ステーブルコイン大手テザーとソラナ基盤の無期限先物DEX(分散型取引所)「Drift Protocol」は4月16日、4月1日の不正流出で約2億9570万ドルのユーザー損失が出たDriftの立て直しに向け、最大で総額約1億4750万ドルの支援計画を公表しました。決済資産をUSD Coin(USDC)からUSD₮(USDT)へ切り替え、ソラナDeFiの主要取引基盤を再び動かす内容です。
4月1日の不正流出で失われた資産は、Driftの算定で2億9570万6374.93ドルでした。被害はJLP、USDC、cbBTC、SOLなど19資産に及びましたが、保険基金は毀損しておらず、預け入れ資産はリローンチ時に使える扱いとしています。
テザーが最大1億2750万ドルを拠出し、そのうち1億ドルは収益連動型クレジットで、これにエコシステム向けグラントと指定マーケットメイカー向けローンが加わります。他パートナーからの約2000万ドルと合わせ、回復原資は約1億4750万ドルになります。
テザーが今回前面に出た理由について、パオロ・アルドイーノCEOはDriftの回復支援を通じてDeFiエコシステムの成長を強調しました。DriftをソラナDeFiの重要な取引基盤と見なし、ユーザー信頼の回復を実際の売買と長期的な成長につなげる考えを示した格好です。

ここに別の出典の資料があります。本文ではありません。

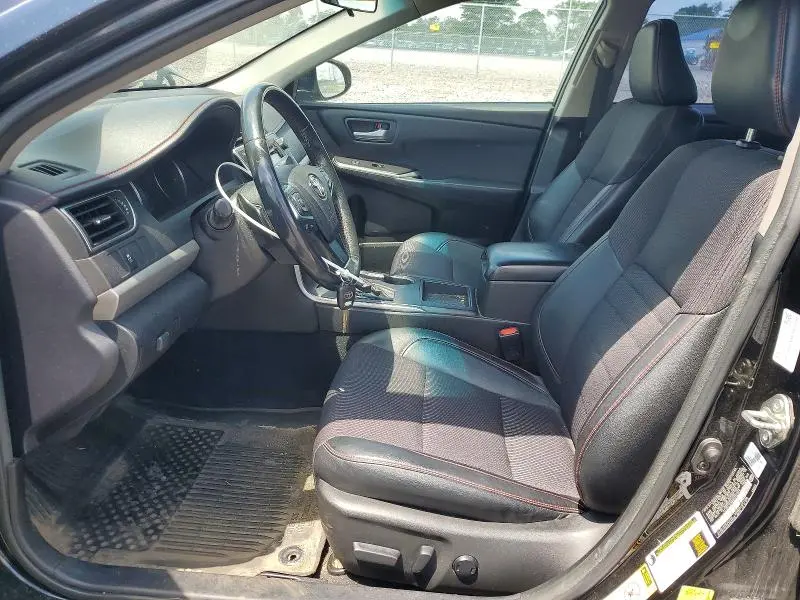 2017 TOYOTA CAMRY SE  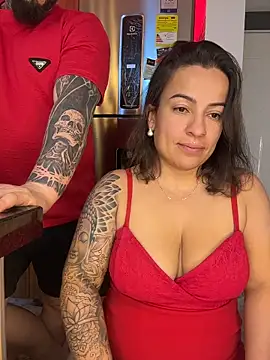 liz and thiago online show from October 12, 2025, 1:26 am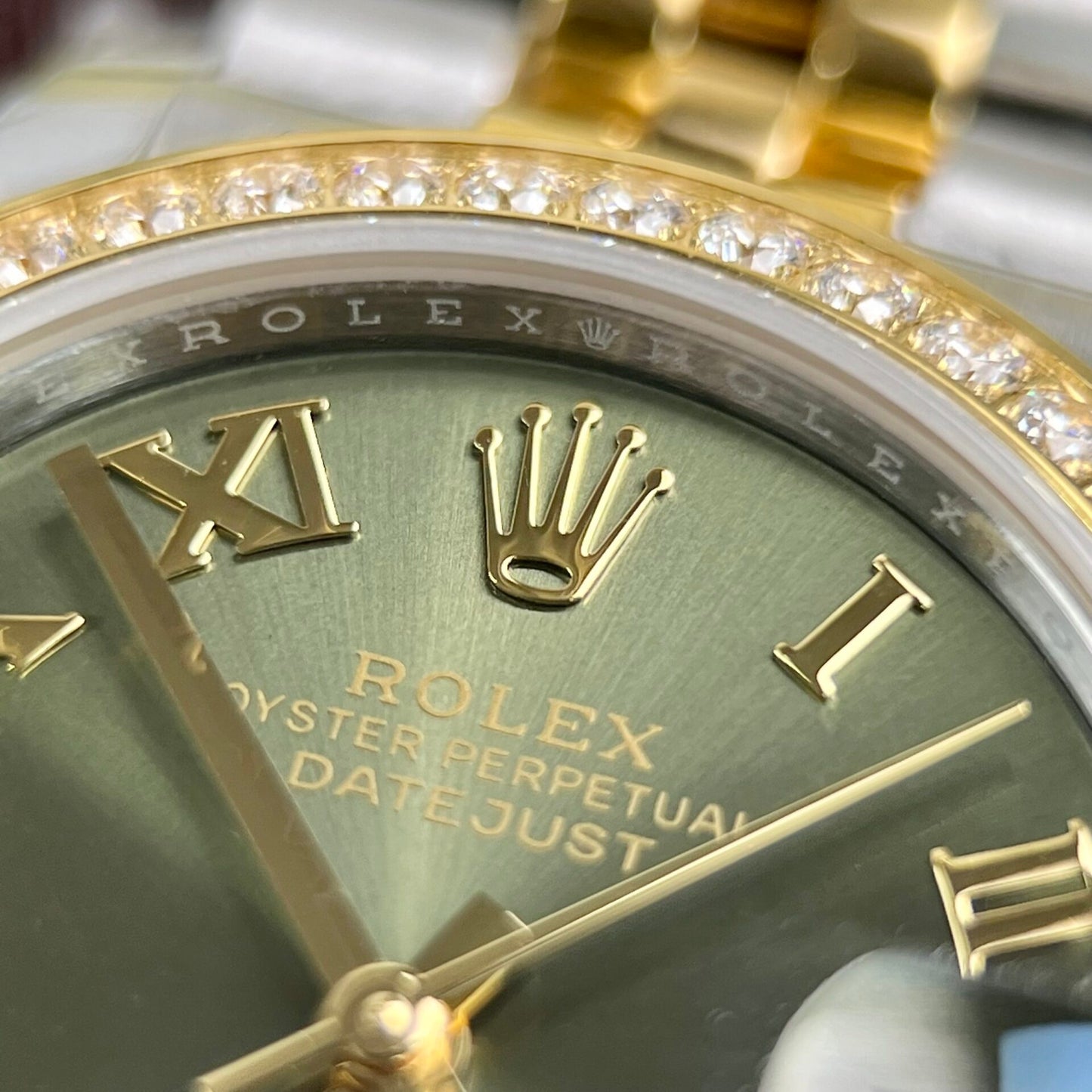 Rolex DateJust Women’s Replica Watch With Stone Bezel 31mm Clone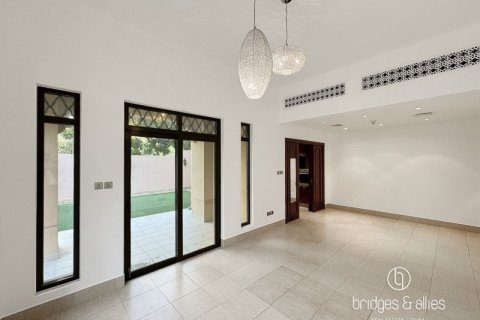 1 bedroom Apartment in Old Town, UAE No. 102430 3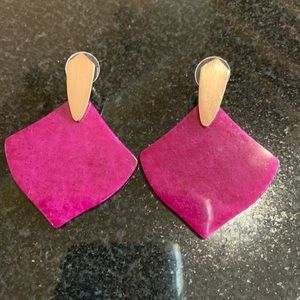 Kendra Scott Astoria maroon drop earrings
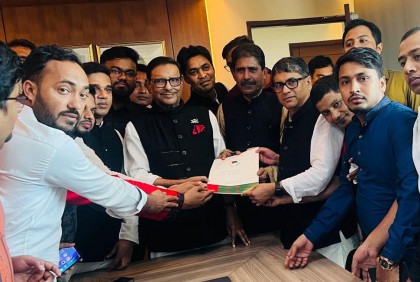 ওবায়দুল কাদেরের পক্ষে মনোনয়নপত্র নিলেন স্থানীয় নেতারা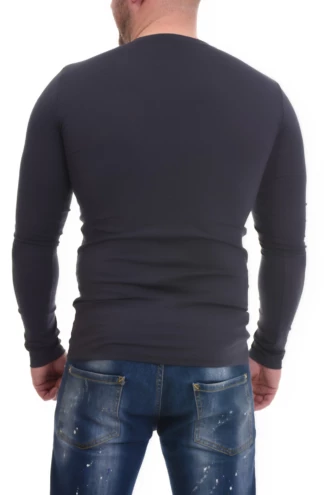 Soft cotton-blend crew-neck tee for men, a dependable long-sleeve staple for everyday layering.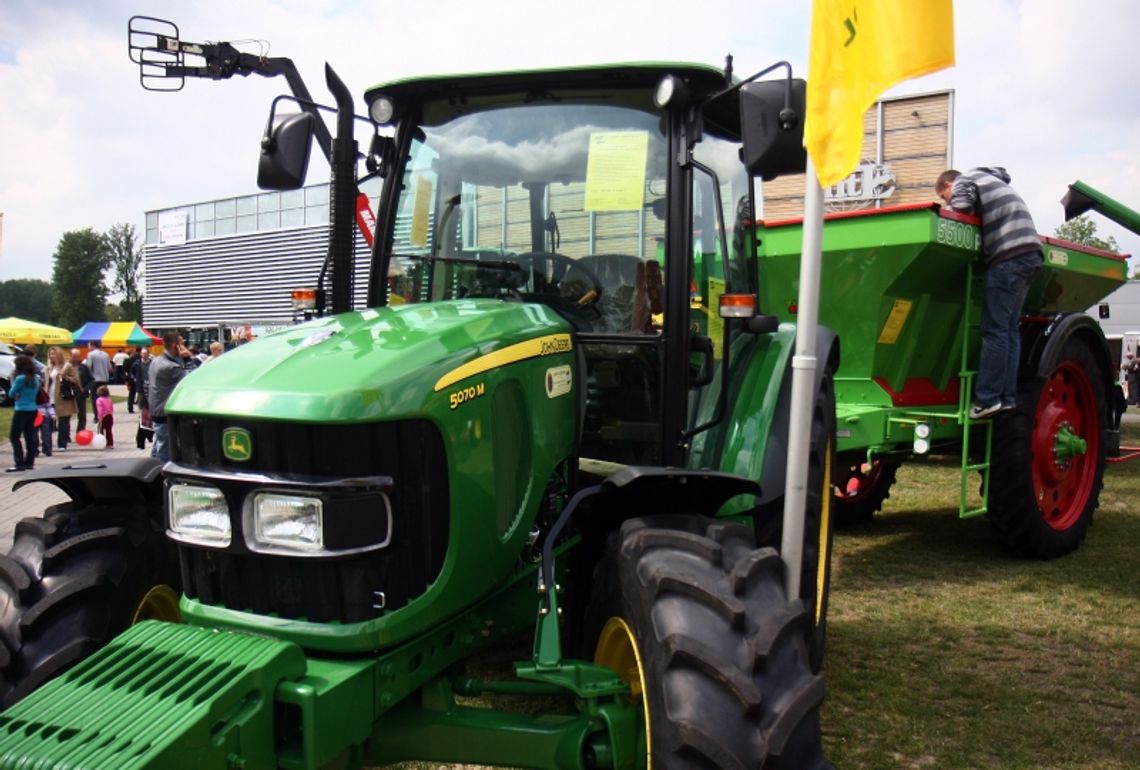 Rekordowa sprzedaż ciągników rolniczych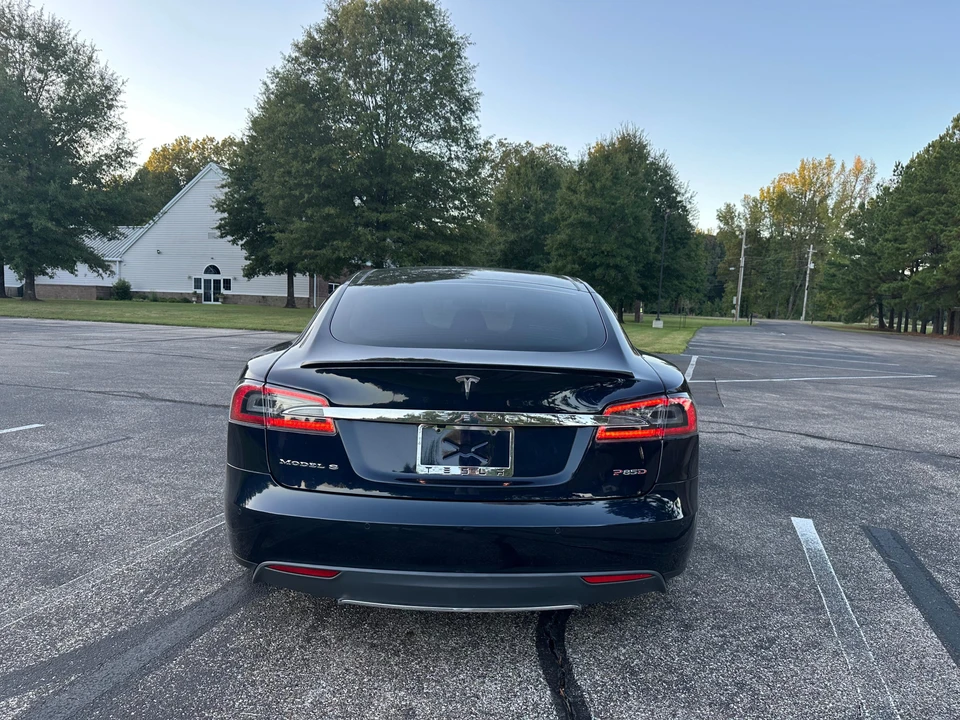2014 Tesla Model S - Image 14 of 31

Driftは公式Xで「Drift will relaunch with USDT used for settlement」と投稿し、再開後の決済資産をUSDTに切り替えると明言しました。テザーはこの移行で、エコシステムパートナーをUSDT建て取引へ乗せる計画で、Driftの回復と同時に、ソラナ上でのUSDTの決済通貨としての存在感を強める内容でもあります。
回復の仕組みには、被害ユーザー向けのリカバリートークンと、返済原資を積み上げるリカバリープールを使います。プールには取引所収益の相当部分、今回の支援資金、法執行機関やフォレンジック調査を通じて回収した資産を充てます。Driftは公式Xで「This is that path. This is the first step toward making users whole over time」と記し、段階的な補填に着手する考えを伝えました。テザーは法執行機関やフォレンジックパートナーと協力し、盗難資産の回収を進めています。

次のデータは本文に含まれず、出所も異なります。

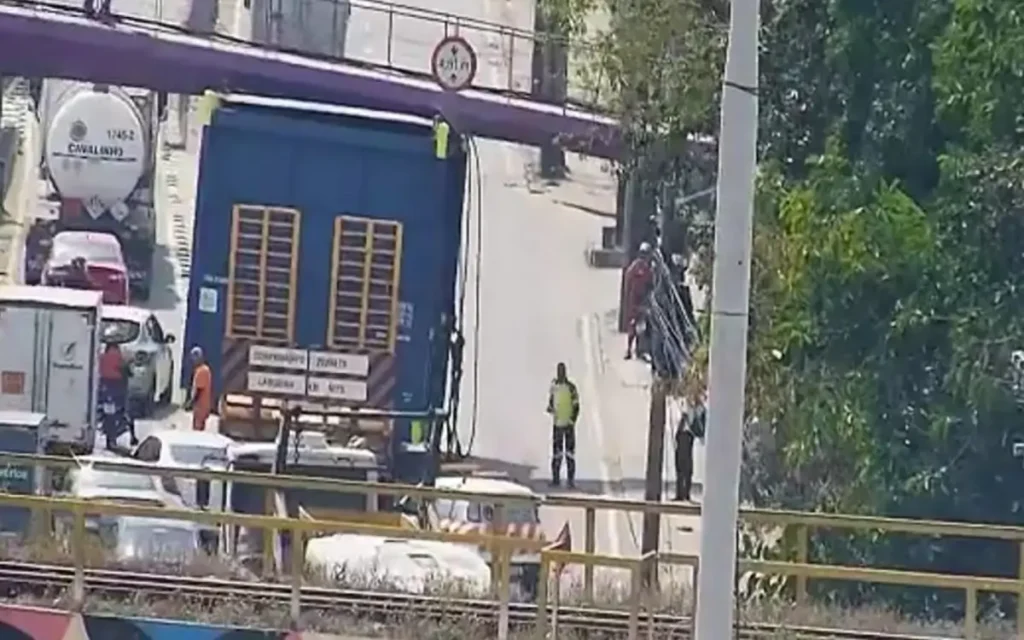 Carreta fica presa em passarela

リローンチの条件として、オターセックとアシンメトリックによる2件の独立監査を完了させます。コードベースは見直し、運用面ではコミュニティ主導のマルチシグを新たに導入し、ソラナのコアインフラ、DeFi、セキュリティ、流動性分野のリーダーとDriftエコシステムの貢献者が管理に加わります。
監査完了後、DriftはUSDT建てで取引を再開し、預け入れ資産を使えるようにします。